A total of 811 U.S. county housing markets (52 percent) were rated as "better off" than they were two years ago, compared to only 11 percent (176 markets) categorized as "worse off," according to RealtyTrac's 2014 Election Housing Scorecard released on Tuesday.
Meanwhile, 560 counties (36 percent) were categorized as a "toss-up" as far as the health of housing market in those counties, according to RealtyTrac.
The total population of the markets in the better off category was about 140 million, which accounted for 50 percent of the population in all the housing markets RealtyTrac analyzed for the election housing scorecard. The total population of the worse off markets was 24 million, about 9 percent of the population in markets analyzed. The housing markets that rated as a toss-up had a total population of about 115 million, or 41 percent of the population in markets analyzed.
"The housing market recovery has truly taken hold in about half of the country, but the recovery is weak or experiencing a relapse in the other half," said Daren Blomquist, VP at RealtyTrac. "Whether because of good government policy, sheer luck or otherwise, the majority of county housing markets in six of the eight states with close U.S. Senate races are better off than they were two years ago. This should favor the incumbent, or the incumbent’s party, all else being equal—which of course we know it is not. The only exceptions were Iowa and Alaska, where the majority of county housing markets were classified as toss-ups compared with two years ago."
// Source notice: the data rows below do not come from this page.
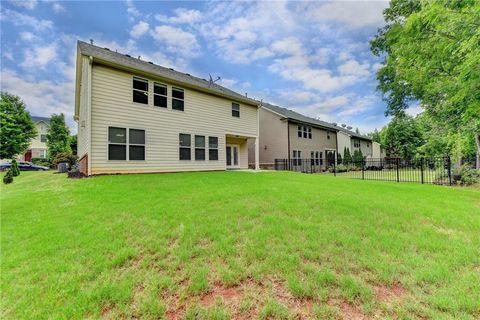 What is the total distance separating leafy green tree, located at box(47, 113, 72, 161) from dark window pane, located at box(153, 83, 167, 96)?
28.3 metres

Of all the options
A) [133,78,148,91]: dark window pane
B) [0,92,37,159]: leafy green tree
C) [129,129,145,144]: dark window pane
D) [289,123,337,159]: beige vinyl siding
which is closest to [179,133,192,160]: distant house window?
[129,129,145,144]: dark window pane

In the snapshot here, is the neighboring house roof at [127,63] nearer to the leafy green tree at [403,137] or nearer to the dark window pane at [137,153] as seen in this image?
the dark window pane at [137,153]

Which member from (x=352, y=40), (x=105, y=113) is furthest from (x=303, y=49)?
(x=105, y=113)

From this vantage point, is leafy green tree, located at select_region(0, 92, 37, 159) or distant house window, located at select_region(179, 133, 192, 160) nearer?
distant house window, located at select_region(179, 133, 192, 160)

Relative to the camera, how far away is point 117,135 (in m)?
10.6

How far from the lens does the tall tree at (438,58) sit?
6434 mm

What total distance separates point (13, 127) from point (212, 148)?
90.0ft

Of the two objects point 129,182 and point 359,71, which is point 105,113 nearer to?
point 129,182

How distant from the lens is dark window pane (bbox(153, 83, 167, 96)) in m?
12.1

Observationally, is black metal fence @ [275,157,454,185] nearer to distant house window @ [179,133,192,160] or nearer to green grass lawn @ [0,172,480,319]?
distant house window @ [179,133,192,160]

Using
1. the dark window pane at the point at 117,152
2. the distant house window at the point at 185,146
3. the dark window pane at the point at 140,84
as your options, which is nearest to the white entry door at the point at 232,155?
the distant house window at the point at 185,146

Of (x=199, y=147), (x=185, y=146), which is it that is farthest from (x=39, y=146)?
(x=199, y=147)

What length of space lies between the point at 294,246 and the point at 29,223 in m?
5.41

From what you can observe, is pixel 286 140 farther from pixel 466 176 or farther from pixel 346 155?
pixel 466 176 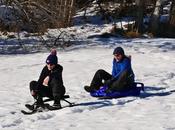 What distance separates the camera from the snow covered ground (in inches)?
362

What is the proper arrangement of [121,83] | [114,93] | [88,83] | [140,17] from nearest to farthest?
[114,93], [121,83], [88,83], [140,17]

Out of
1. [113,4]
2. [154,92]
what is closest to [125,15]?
[113,4]

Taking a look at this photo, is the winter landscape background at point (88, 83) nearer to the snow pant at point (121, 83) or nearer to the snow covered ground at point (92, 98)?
the snow covered ground at point (92, 98)

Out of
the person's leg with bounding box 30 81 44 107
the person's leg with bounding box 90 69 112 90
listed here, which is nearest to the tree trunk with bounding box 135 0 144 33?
the person's leg with bounding box 90 69 112 90

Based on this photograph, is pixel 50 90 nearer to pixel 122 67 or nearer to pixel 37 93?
pixel 37 93

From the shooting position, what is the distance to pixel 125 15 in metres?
30.0

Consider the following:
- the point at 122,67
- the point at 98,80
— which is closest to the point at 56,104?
the point at 98,80

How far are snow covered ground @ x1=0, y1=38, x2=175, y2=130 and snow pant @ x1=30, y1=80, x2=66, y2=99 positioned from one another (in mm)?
319

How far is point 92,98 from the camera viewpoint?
11500 millimetres

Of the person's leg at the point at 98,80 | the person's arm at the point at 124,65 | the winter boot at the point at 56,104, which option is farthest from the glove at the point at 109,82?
the winter boot at the point at 56,104

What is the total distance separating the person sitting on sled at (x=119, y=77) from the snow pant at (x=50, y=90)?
1.42 meters

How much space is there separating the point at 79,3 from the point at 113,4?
2.16 meters

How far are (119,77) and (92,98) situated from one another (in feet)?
2.30

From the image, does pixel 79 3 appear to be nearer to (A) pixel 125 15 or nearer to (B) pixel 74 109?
(A) pixel 125 15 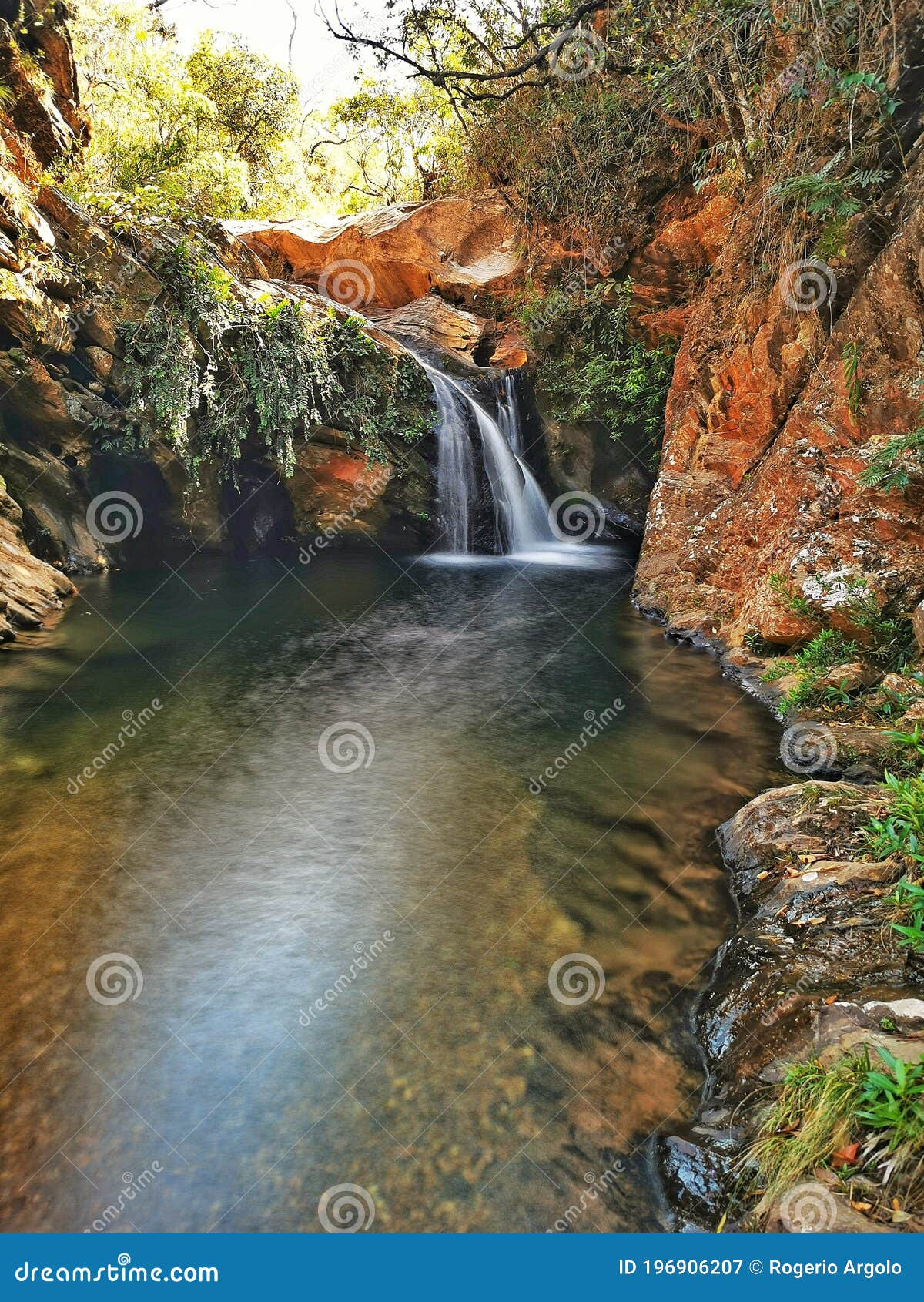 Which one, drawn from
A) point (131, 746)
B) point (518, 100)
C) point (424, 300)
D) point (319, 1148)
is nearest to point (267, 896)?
point (319, 1148)

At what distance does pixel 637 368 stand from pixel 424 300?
7000 millimetres

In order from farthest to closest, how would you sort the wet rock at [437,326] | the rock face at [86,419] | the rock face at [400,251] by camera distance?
the rock face at [400,251] < the wet rock at [437,326] < the rock face at [86,419]

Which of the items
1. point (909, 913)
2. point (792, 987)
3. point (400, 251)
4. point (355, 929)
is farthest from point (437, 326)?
point (792, 987)

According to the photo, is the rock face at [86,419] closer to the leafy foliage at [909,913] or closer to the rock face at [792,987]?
the rock face at [792,987]

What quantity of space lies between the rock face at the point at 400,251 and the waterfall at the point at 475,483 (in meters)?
4.39

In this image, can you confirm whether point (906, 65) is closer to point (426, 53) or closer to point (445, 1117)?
point (445, 1117)

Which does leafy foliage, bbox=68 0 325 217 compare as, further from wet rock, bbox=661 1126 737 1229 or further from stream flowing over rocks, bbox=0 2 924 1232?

RealtyTrac's election housing scorecard rated 1,547 county housing markets in the U.S. based on five factors that affect the health of housing: housing affordability, unemployment rates, median home prices, and foreclosure starts all compared with two years ago, as well as the percentage of seriously underwater homeowners.
With three weeks remaining before the midterm elections, RealtyTrac examined the housing market in eight states where the races are most highly contested: Alaska, Arkansas, Colorado, Georgia, Iowa, Kansas, Louisiana and North Carolina. The states that had the highest population out of those eight states in the better off category were Colorado (99 percent, 4.8 million) and Kansas (97 percent, 2 million).
The states that had the highest population in the toss-up category were Alaska (81 percent, 387,000) and Iowa (62 percent, 641,000). Only three of those eight states reported at least one county in the worse off category: Iowa (29 percent, 304,000), Georgia (5 percent, 427,000), and North Carolina (4 percent, 387,000), according to RealtyTrac.